Cette violence peut tout aussi bien s’exprimer dans la guerre, les conflits sociaux que dans la sphère privée, notamment dans la sexualité que les libertins du XVIIIe qualifiaient d’aimable guerre. Amour et haine, l’un si proche de l’autre, jusqu’au crime. Les débordements intimes sont comme l’écho dans le domaine privé de ceux que l’on voit dans le domaine social. La violence de la passion amoureuse chez les Romantiques, celle du couple qui s’adore puis se déchire, le crime passionnel et tant d’autres semblent découler des exaltations de l’ange qui nous appelait.
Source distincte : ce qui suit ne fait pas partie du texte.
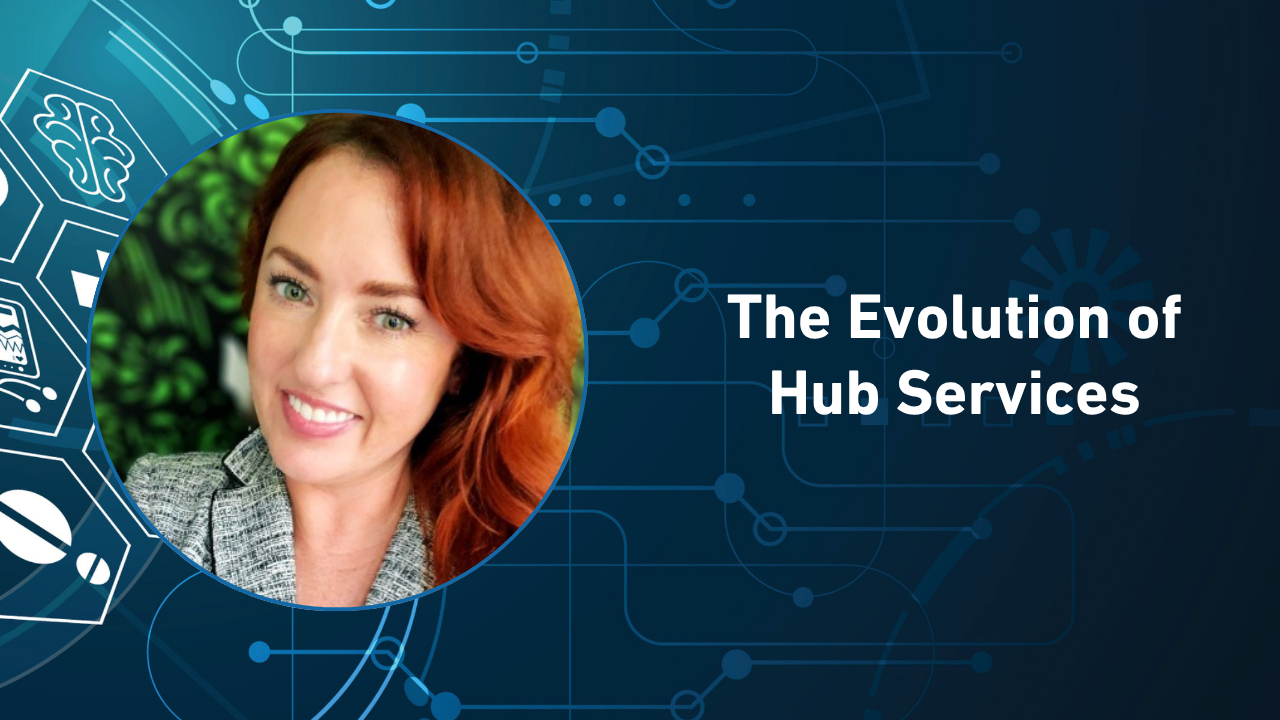 Traci Miller - Created With Canva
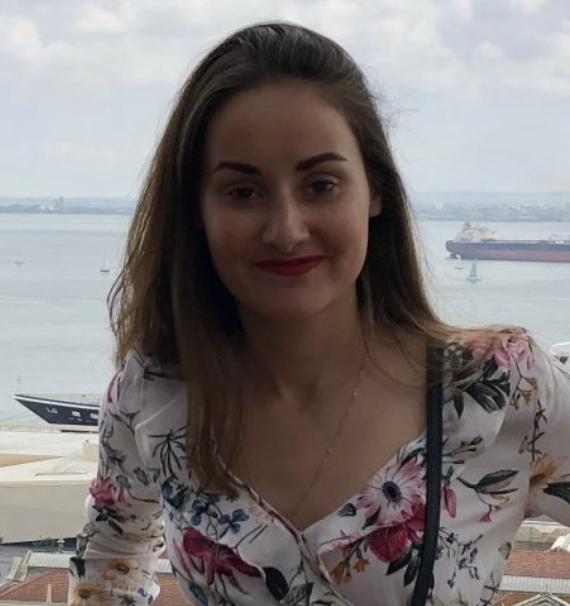 femme reconversion franchise Mikit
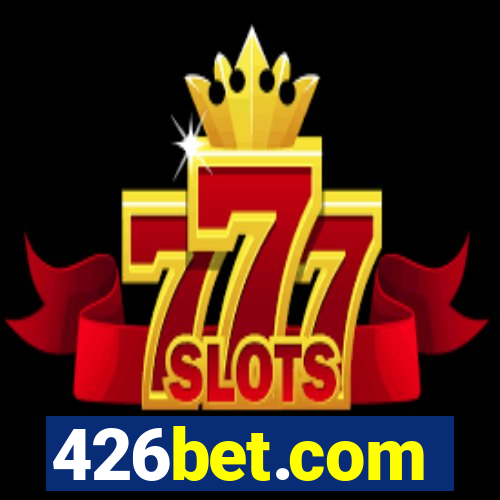 426bet.com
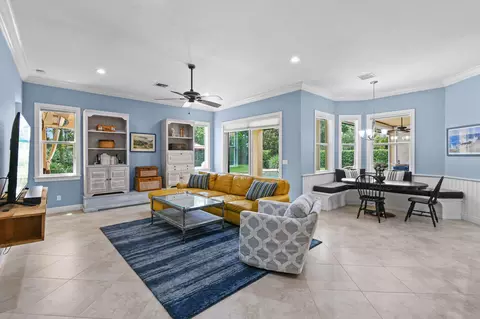 7668 SE Laque Cir, Stuart, FL 34997 photo 11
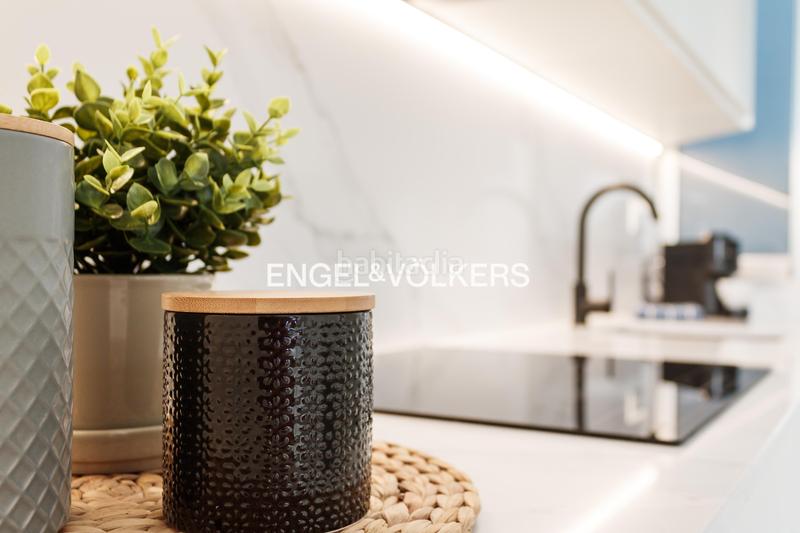 Foto 38f7f3f5-5f03-42f1-9e3a-8097d96958e5. Rent apartment with heating in Justicia-Chueca Madrid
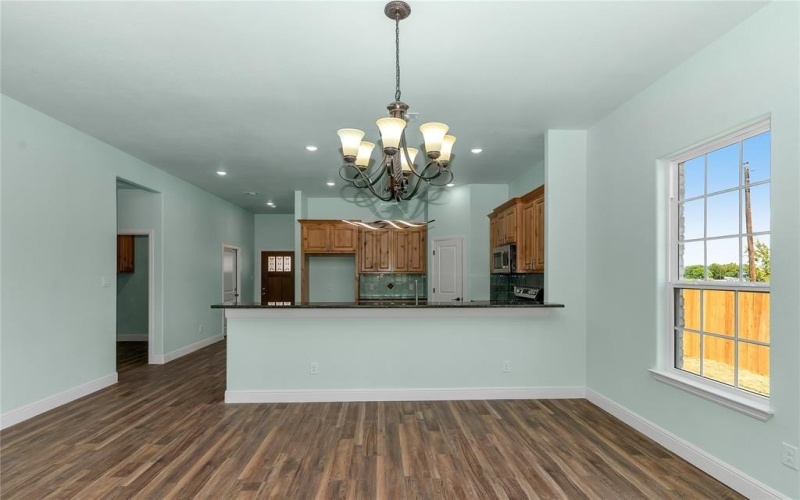 868 Fuller Road, Cleburne, TX 76033, 4 Bedrooms Bedrooms, ,2 BathroomsBathrooms,Residential,For Sale,868 Fuller Road,0,21071576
Cet incessant chemin de la terre aux étoiles, comme le crie le roi Ferrante à la fin de La Reine Morte de Montherlant, et qui représente la tragédie du pouvoir, pris entre l’aspiration à l’ange et à la loi de la force qui tient les empires, c’est aussi la représentation de la condition humaine et de son oscillation jusqu’à la finitude.

Comment gérer, endiguer cette violence ?

Le livre parle de tout ce que les hommes ont inventé pour l’exorciser, des Dionysies antiques, corridas ou carnavals traditionnels jusqu’aux modernes rituels, spectacles, processions syndicales, concerts, bizutages. La multiplication des règlements et autres réglementations que les technocrates s’acharnent à multiplier dans nos sociétés - il faudra bientôt des brouettes pour transporter les textes régissant notre vie quotidienne -, cette volonté d’aseptiser le monde ne fait que masquer ce qui finit par éclater. Car la bête réclame son dû, le Minotaure ses jeunes gens à dévorer. La violence est toujours là, prête à briser les barrières éphémères.
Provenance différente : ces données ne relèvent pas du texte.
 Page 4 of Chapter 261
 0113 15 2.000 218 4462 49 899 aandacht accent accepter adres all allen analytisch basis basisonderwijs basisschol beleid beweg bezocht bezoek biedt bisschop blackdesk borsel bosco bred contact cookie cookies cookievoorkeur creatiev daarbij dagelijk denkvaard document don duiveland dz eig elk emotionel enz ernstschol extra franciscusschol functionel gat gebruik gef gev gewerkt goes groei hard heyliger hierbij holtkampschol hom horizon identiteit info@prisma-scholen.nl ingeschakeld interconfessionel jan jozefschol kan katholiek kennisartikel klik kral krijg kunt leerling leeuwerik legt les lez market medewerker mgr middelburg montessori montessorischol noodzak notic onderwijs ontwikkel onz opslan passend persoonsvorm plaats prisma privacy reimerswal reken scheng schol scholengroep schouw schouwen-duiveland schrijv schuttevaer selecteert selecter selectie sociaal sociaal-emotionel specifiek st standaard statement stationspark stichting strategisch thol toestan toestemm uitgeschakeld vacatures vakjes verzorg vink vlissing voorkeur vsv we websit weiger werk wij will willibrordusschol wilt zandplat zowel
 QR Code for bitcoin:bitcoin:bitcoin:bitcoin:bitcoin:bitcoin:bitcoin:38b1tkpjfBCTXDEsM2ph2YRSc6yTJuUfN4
Le livre de Michel Maffesoli est infini et puissant, il touche au cœur de la condition humaine et de sa mécanique. C’est un tourbillon qui nous emporte au milieu de ce déchirement fondamental, il en révèle tous les aspects, les processus, les réalités. On n’en finit pas d’avancer dans les méandres que l’être humain a inventés, entre les deux infinis, le ciel et l’enfer, et tout cela est décrit avec une justesse qui enchante l’esprit.

Jean-Pierre Pélaez
Jean-Pierre Pélaez
Auteur dramatique

Vos commentaires

2 commentaires

  1. J’adore Michel Maffesoli pour l’art et la manière qu’il a de disséquer les mots qu’il nous offre dans ses écrits ou dans ses interviews, à la manière d’un zélé professeur de latin, cette langue morte, trop tôt pour le malheur de la langue française tant incomprise et malmenée par les temps qui courent.

  2. Merci Mr Pélaez pour votre très bel article. Celui-ci évidemment, me renvoie au magnifique ouvrage de René Girard « La violence et le sacré »
    La dualité ne serait-elle pas le reflet conceptuel et manifeste de l’égo, lui-même issus de la croyance en la séparation de l’homme avec Dieu ? Ce dilemme « amour-haine » ne peut en effet, engendrer que de la peur, de la culpabilité et de la violence au plus profond de soi. Cela, d’autant plus puissamment que cette réalité métaphysique est niée, refoulée ou ignorée dans notre culture judéo-chrétienne.
    Aujourd’hui, cet inextricable conflit est d’autant plus manifeste et « infernal » que l’homme se prive inconsciemment (et de plus en plus !) de la force du symbole ou du recours à la transcendance. On ne médite plus, on projette « à qui mieux mieux »
    La distance entre l’acte et la pensée disparaît au profit du plaisir du consumérisme immédiat.
    En effet, telle l’histoire du déclin de toutes sociétés « civilisées », nous marchons tout droit vers son effondrement, aveuglément.